The current news of the American NSA and British GCHQ indiscriminately stealing and using citizen communications reminded me of a considerably smaller incident I was part of.
Quite a while ago, in a previous life, I came in to work early one morning. The traffic had been lighter than normal and I had made good time. The practice’s server had been iffy recently, freezing and going slow when we needed it most, so I thought I would take advantage of this extra time by shutting it down and restarting it.
As an aside I am always wary of a computer practice system that has a sticker on it saying “must never be switched off”; a sign of questionable design forethought and maintenance if ever there was one!
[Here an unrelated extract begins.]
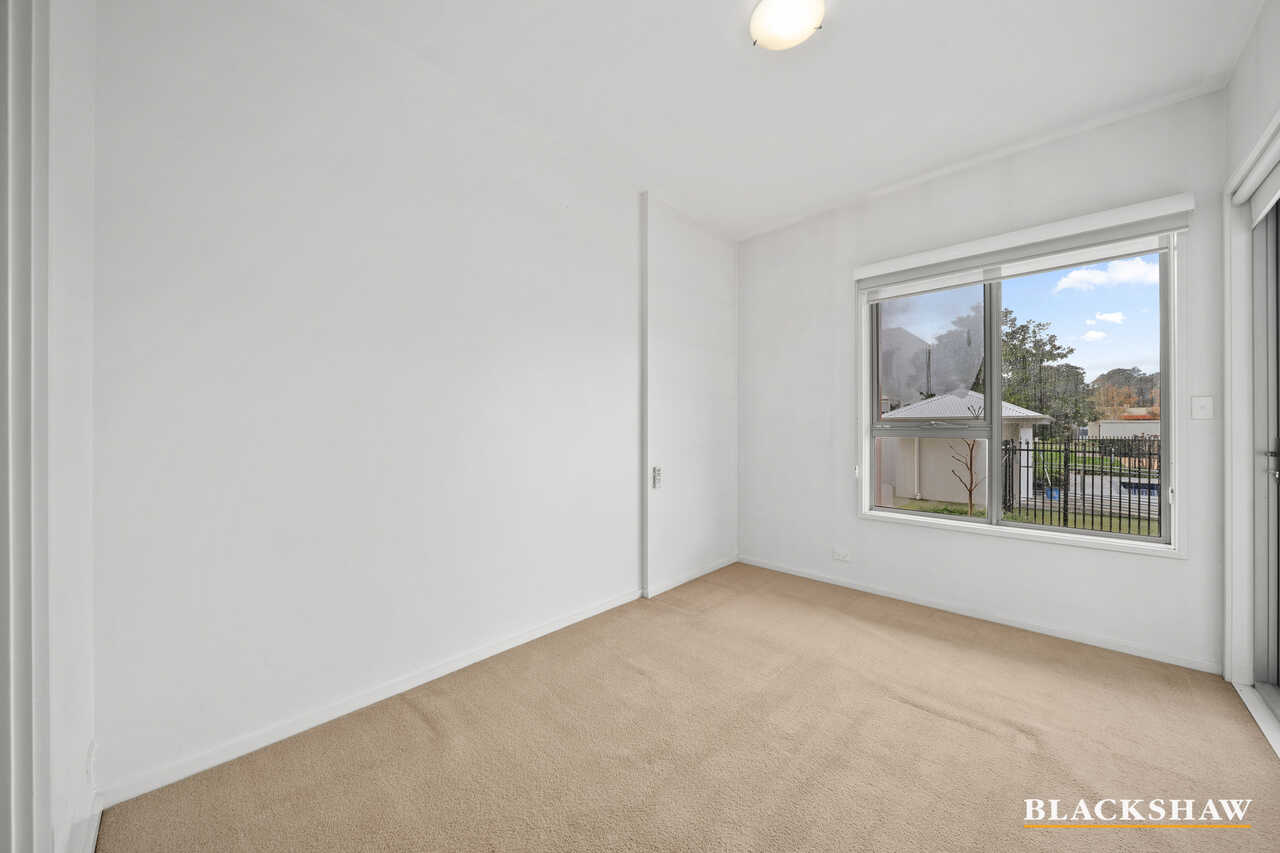 76/148 Flemington Road Harrison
In my view a server particularly must be able to “fall over” and restart without supervision to minimise downtime and enable untrained staff to do the old “switch it off and back on again” to try correcting any niggles or slowdowns.
I wiggled the mouse and the monitor sprang in to life. It needed a few seconds to warm up – it was an old CRT (cathode ray tube) type because it rarely needed actually to display anything itself. What I saw made my blood run cold.
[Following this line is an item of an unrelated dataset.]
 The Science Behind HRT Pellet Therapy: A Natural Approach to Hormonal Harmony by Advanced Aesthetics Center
In the task bar at the bottom of the screen were a few programs open, one was called “Full Tilt Poker”, another was “CS:S Server”, and another was in cyrillic script so I couldn’t decipher it.
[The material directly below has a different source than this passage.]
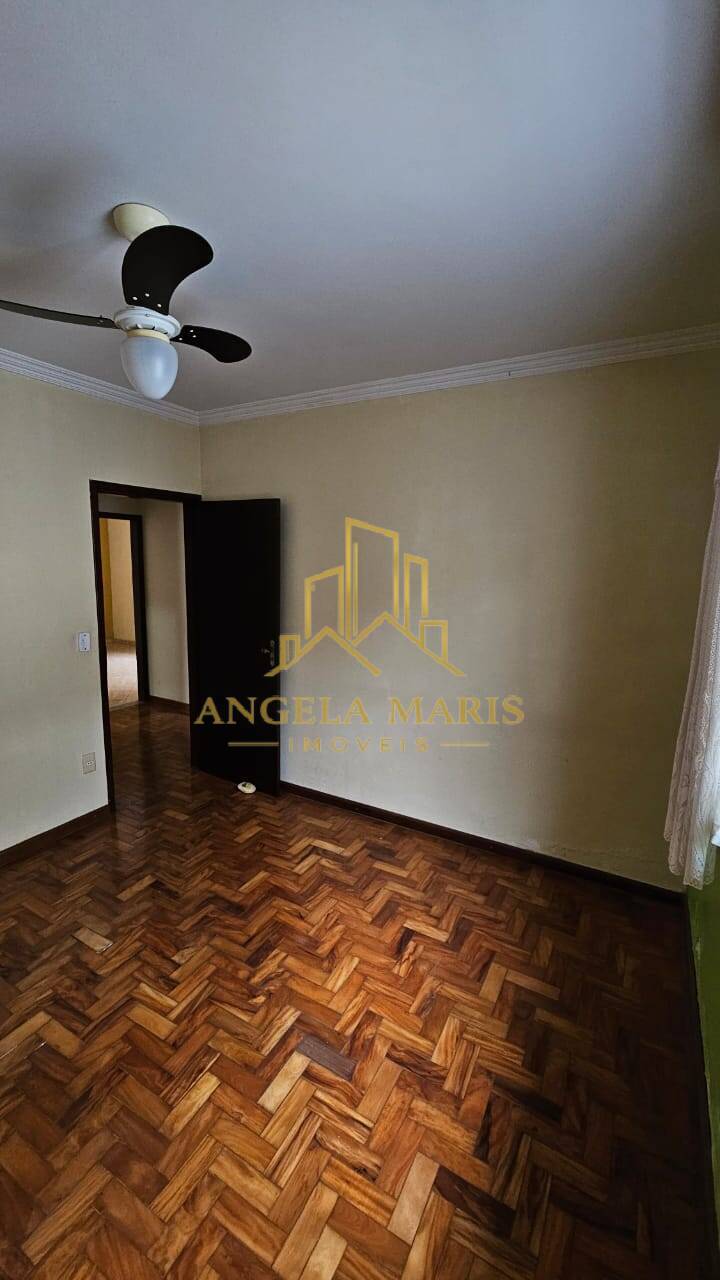 Casa, 3 quartos, 153 m² - Foto 6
With the poker program open I had thought of colleagues using the server for on-line gambling. I had been the last to leave the previous evening, though, so unless they had come back in, that was unlikely. It was the last two which tipped me off that the server had been hacked by someone outside the practice. I did the “three finger salute” which gets you out of trouble (CTRL+Alt+Del) and task manager came up. I looked at open processes and saw more things on there which pointed at having been hacked – “bitcoinminer.exe” was running and taking up quite a bit of CPU power. Bitcoin is an electronic “community” currency which is starting to be viewed as an alternative to governmental currency. It was another sign someone had broken in to the server from outside.
I say broken in, but actually they had just walked in through the open door.
The “I told you so” bit came next. I had told the powers-that-be several times that the server was open to abuse. There was no antivirus software, no firewall, the passwords were set as “admin” and “password”… and so on. They had made murmurs about doing something about it, but it had never materialised, and now I was staring at the evidence that I had been right. Morning surgery was going to be starting soon, so I took photos on my phone, and I just had to shut it all down, restart the server, shut down the bitcoin miner which had restarted, and get on with my day. I am a vet, after all; computer experts are paid far more than I am to sort this out!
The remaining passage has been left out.